Hyperfine interaction in CoCl$_2$ investigated by high resolution neutron spectroscopy

TL;DR

This study used high resolution neutron spectroscopy to observe hyperfine-induced nuclear spin excitations in CoCl₂, revealing temperature-dependent energy shifts linked to magnetic properties and orbital moments.

Contribution

First direct observation of hyperfine nuclear spin excitations in CoCl₂ using high resolution neutron spectroscopy, highlighting the role of unquenched orbital moments.

Findings

Detected inelastic peaks at 1.34 μeV at 2 K.

The inelastic peak energy decreases with temperature and vanishes at 25 K.

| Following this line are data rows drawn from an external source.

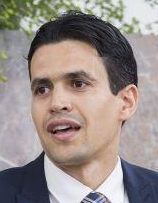 Ein Mann mit dunklem Haar und Bart trägt ein weißes Hemd und eine dunkle Krawatte, steht vor einem unscharfen Hintergrund mit grünen Pflanzen.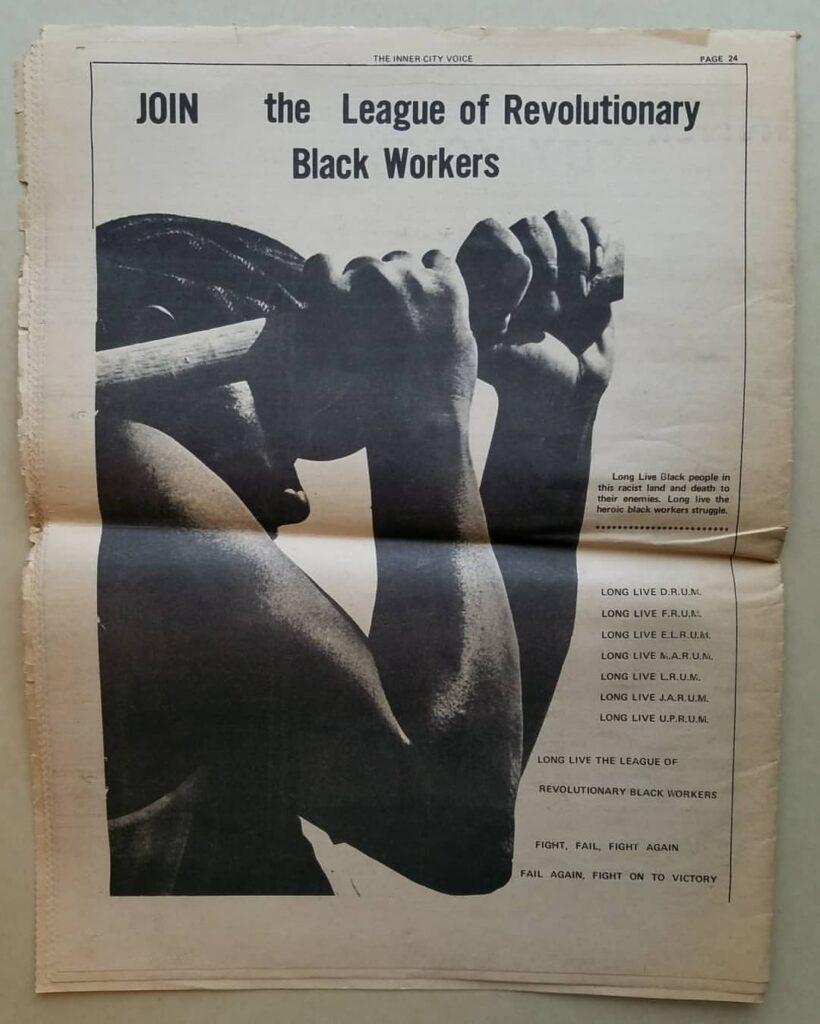 A copy of The Inner City Voice is open to a page with an image of a Black man lifting a sledgehammer. The text above the image reads "JOIN the League of Revolutionary Black Workers".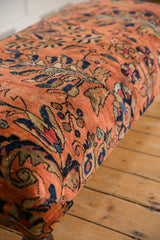Angled close-up of vintage Lilihan rug fragment, dusty rose with botanical motifs and subtle wear.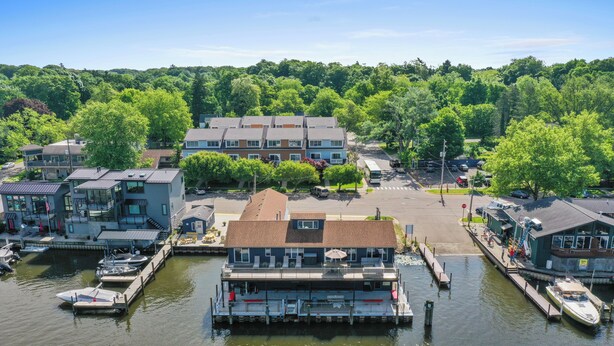Une propriété située au bord de l’eau, dotée d’un quai, de bateaux et d’un bâtiment avec une grande terrasse.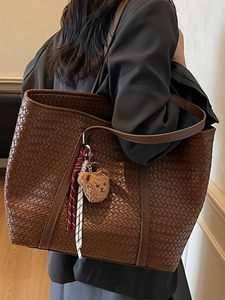 Grand sac fourre-tout tissé marron foncé porté à l'épaule par un mannequin en style chic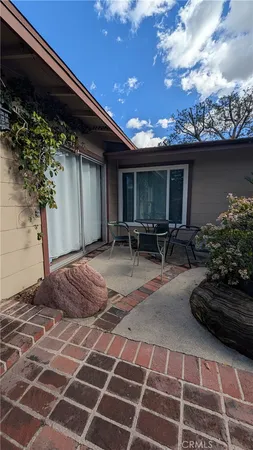 a backyard of a house with table and chairs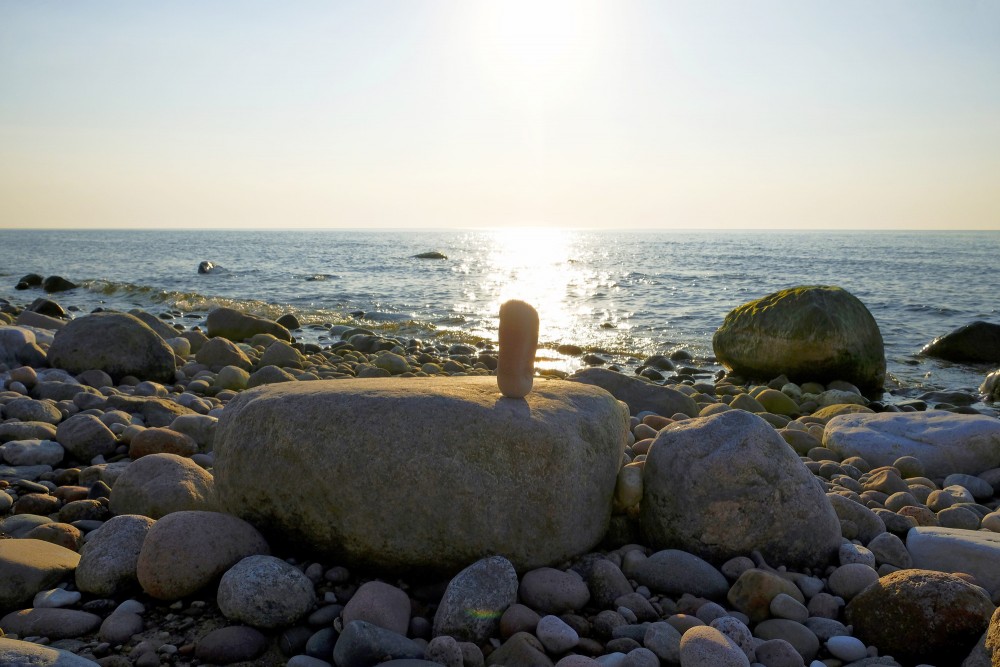 Akmeņu kompozīcija jūrmalā saulrieta gaismā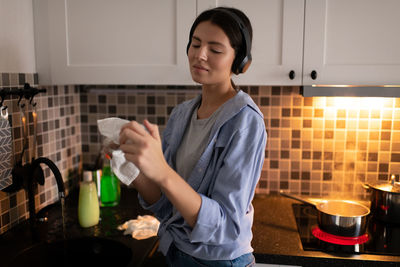 Mid adult man holding food at home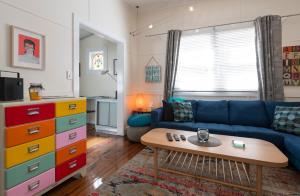 a living room with a blue couch and a table at Blackheath Nook in Blackheath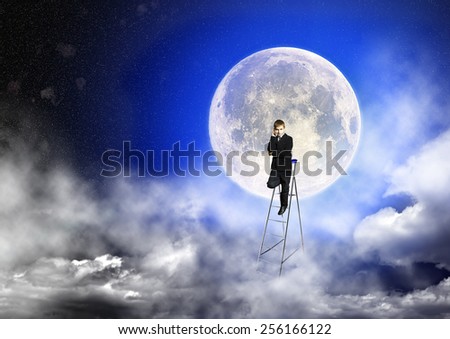 Boy in suit stands on a step-ladder against the background of a full moon and a starry sky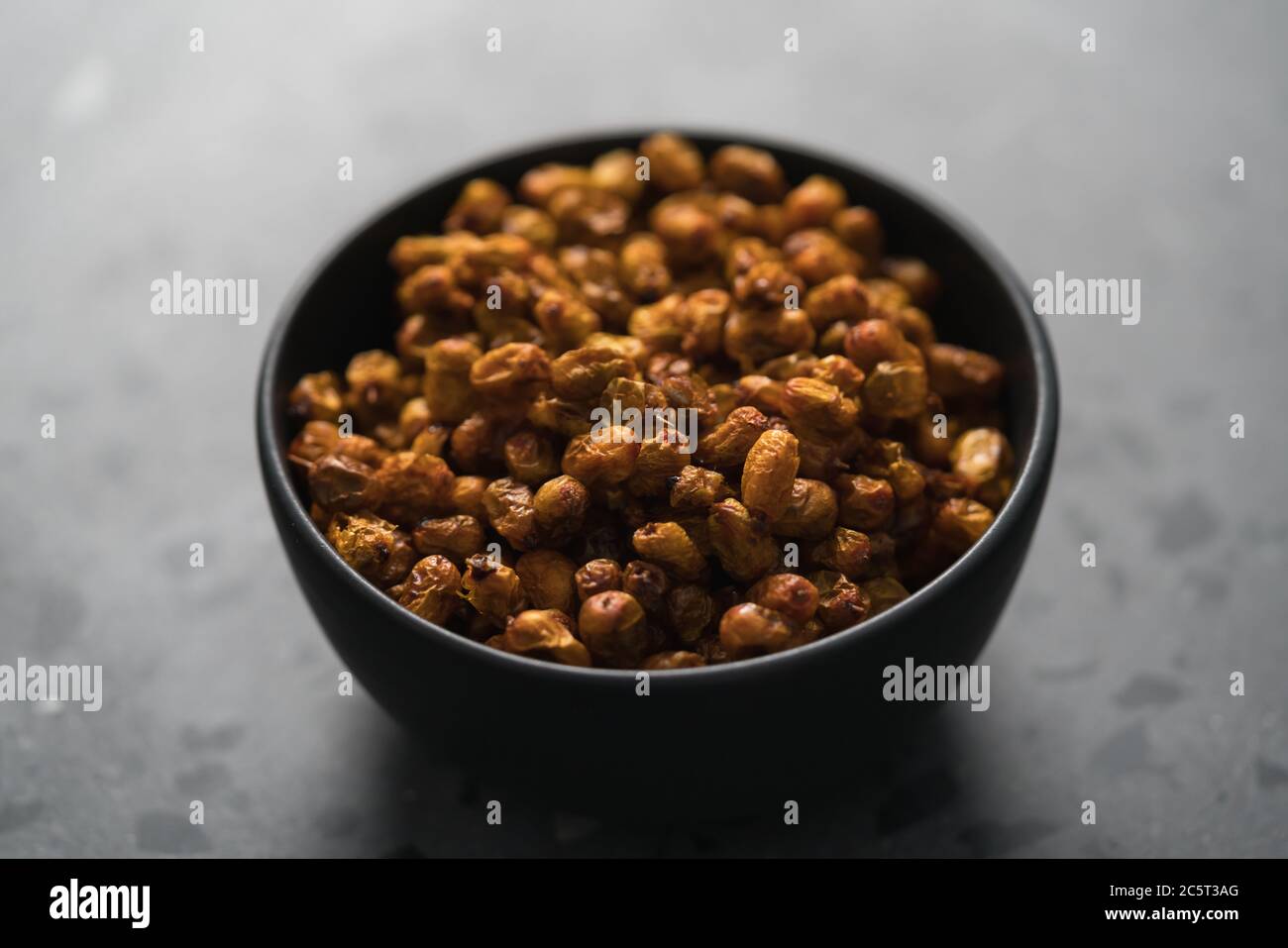 dried seaberry buckthorn in black bowl on terrazzo countertop Stock Photo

Nuclear spin excitation energies correlate linearly with Co magnetic moments in some compounds.

Abstract

We investigated low energy nuclear spin excitations in the layered compound CoCl$_2$ by high resolution back-scattering neutron spectroscopy. We detected inelastic peaks at $E = 1.34 \pm 0.03$ $\mu$eV on both energy loss and energy sides of the central elastic peak at $T = 2$ K. The energy of the inelastic peaks decrease with temperature continuously and become zero at $T_N \approx 25$ K at which the two ielastic peaks merge with the central elastic peak. We interpret the low energy excitations to be due to the transition between hyperfine field split nuclear levels. The present data together with the data on other Co compounds show that the energy of the nuclear spin excitations of a number of compounds follow a linear relationship with the electronic magnetic moment of the Co ion whereas that of other compounds deviate appreciably from this linear behaviour. We ascribe this anomalous behaviour to the presence of unquenched orbital moments of the Co ions.